La cabina di regia sui fondi europei, per gestire al meglio le risorse. L’istituzione di questo organismo è stato un grande passo avanti nell’obiettivo di armonizzare in un unico disegno le risorse finanziarie europee, nazionali e regionali. Un esempio tra i tanti è quello sull’efficientamento energetico: i 170 cantieri, per 56 milioni della vecchia programmazione, che hanno trasformato in luoghi efficienti scuole, centri sportivi e edifici pubblici del Lazio, dimostrando quanto l’Europa possa essere vicina alle persone.

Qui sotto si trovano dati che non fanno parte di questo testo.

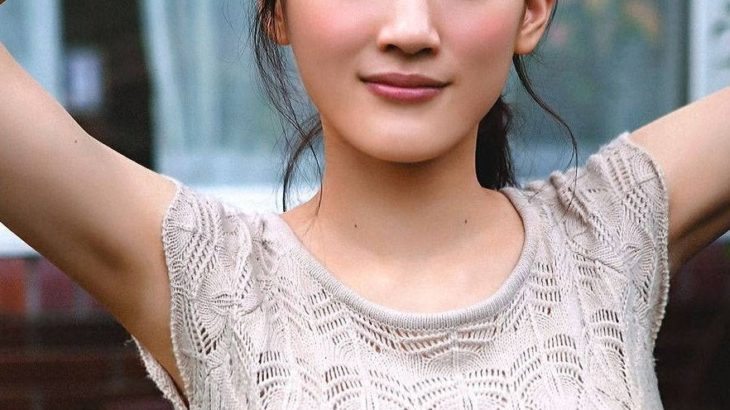 綾瀬はるかの美しい笑顔が輝く！ハワイでの水着グラビアショット公開！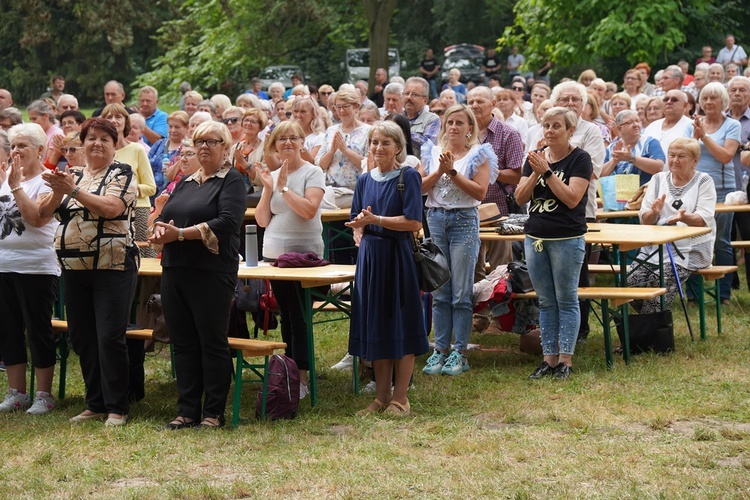 V Pielgrzymka Żywego Różańca i czcicieli Matki Bożej do Henrykowa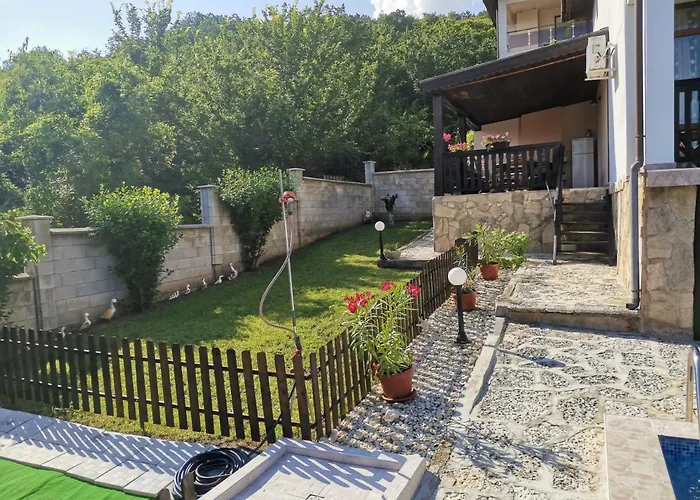 Πανσιόν Holly Μπαλτσίκ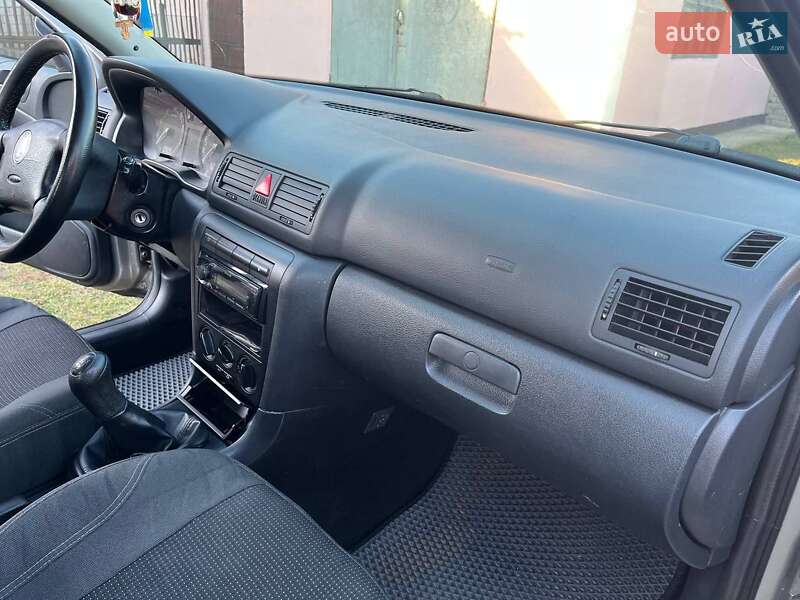 Лифтбек Skoda Octavia 2007 в Березане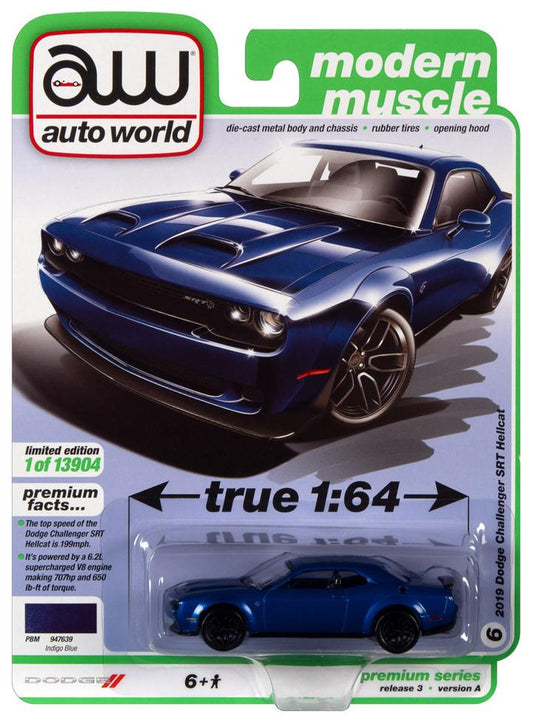 Auto World Modern Muscle 2019 Dodge Challenger Hellcat Indigo Blue 1:64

Un punto di riferimento fondamentale per l’elaborazione di tutti i principali documenti strategici: dal Documento Strategico di programmazione 2014-2018 dell’ottobre 2013 fino al piano con le 45 azioni-cardine, tutte basate su una programmazione unitaria e sull’integrazione degli interventi attraverso la combinazione di tutte le risorse disponibili: fondi regionali, statali ed europei.

Un nuovo modello di sviluppo fondato sulle opportunità dell’Europa. I risultati che abbiamo raggiunto non sono affatto casuali, ma il frutto di un’azione di governo che ha individuato nell’Europa il naturale orizzonte di sviluppo della Regione, che si è dotata sin da subito di un progetto organico per migliorare nella gestione di questa risorsa fondamentale.

La ripresa non ci sarà mai se aspettiamo che qualcuno la provochi, la dobbiamo provocare noi. L’abbiamo ripetuto fino allo sfinimento e ne siamo convinti. Tra le Regioni è iniziato un confronto molto importante, a livello europeo affinché, rispetto al futuro dell’Europa, non si metta in discussione la politica di coesione e non si pensi a tagliarla. In una fase di difficoltà come quella attuale questo rappresenta uno dei momenti di maggiore vicinanza tra istituzioni europee e cittadini: si parla di risorse, ponti, strade e formazione, tutto ciò che tocca la vita delle persone.